Philosophy, Philosophers, and Buddhist Scholastic Texts (Śāstra)

Event date:19:00-21:00 (EST) Friday, February 18, 2022
Organizer: Princeton University

This talk comes at the end of a day-long symposium at Princeton University on the topic of “Translating Buddhist Philosophy for the Philosophy Curriculum,” focusing around a new English translation of the Twenty Verses and Exposition by the 4th/5th century Indian Buddhist philosopher Vasubandhu.

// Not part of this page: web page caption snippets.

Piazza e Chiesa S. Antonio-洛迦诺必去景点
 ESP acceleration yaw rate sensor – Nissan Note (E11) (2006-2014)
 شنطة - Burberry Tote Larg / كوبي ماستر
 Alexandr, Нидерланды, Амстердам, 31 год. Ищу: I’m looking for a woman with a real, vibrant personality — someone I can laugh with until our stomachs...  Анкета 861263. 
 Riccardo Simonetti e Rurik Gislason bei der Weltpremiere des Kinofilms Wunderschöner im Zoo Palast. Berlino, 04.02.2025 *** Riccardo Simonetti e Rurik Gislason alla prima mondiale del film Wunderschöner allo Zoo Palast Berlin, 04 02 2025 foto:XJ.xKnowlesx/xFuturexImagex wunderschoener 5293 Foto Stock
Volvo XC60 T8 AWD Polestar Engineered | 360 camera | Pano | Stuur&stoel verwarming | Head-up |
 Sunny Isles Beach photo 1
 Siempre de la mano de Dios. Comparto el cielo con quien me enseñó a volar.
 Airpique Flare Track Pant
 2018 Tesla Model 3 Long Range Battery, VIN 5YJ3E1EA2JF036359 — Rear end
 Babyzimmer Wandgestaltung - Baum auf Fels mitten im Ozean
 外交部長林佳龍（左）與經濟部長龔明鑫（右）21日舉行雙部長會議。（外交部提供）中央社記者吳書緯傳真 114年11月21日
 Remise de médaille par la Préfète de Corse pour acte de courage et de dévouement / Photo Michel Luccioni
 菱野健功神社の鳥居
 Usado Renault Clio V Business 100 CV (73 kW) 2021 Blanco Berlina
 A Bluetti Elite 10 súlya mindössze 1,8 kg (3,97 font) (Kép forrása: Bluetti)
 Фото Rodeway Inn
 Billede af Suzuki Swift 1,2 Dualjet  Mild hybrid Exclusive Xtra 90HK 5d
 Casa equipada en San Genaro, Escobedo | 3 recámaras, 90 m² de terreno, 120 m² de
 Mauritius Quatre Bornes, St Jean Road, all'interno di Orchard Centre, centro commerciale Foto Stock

Vasubandhu would surely have been thrilled to learn that centuries after the composition of his work, philosophers would choose to spend their time reading and thinking about his words, ideas, and arguments. He might well have been intrigued by the questions motivating the symposium’s engagement with his text: In what form, with what supporting material, and to what end could Vasubandhu’s Twenty Verses and Exposition become a part of the curriculum in Euro-American style philosophy departments today, if at all? This talk will speak to this question by stepping back from Vasubandhu and his text to contemplate the broader project of whether, and if so how, to bring Buddhist philosophers and philosophical texts from classical India into our contemporary philosophy curriculum. It will address this question by evaluating the various ways Buddhist philosophy has been understood in modern scholarship, and by comparing modern philosophers’ methods with those in traditional Buddhist scholastic texts.

 

Host

Jonathan Gold
Professor of Religion,
Princeton University

Speaker

Parimal Patil
Professor of Religion and Indian Philosophy,
Harvard University

Discussant

Trina Janiec Jones
Professor of Religion,
Wofford College

 

 


Lecture Report: “Philosophy, Philosophers, and Buddhist Scholastic Texts (Śāstra)”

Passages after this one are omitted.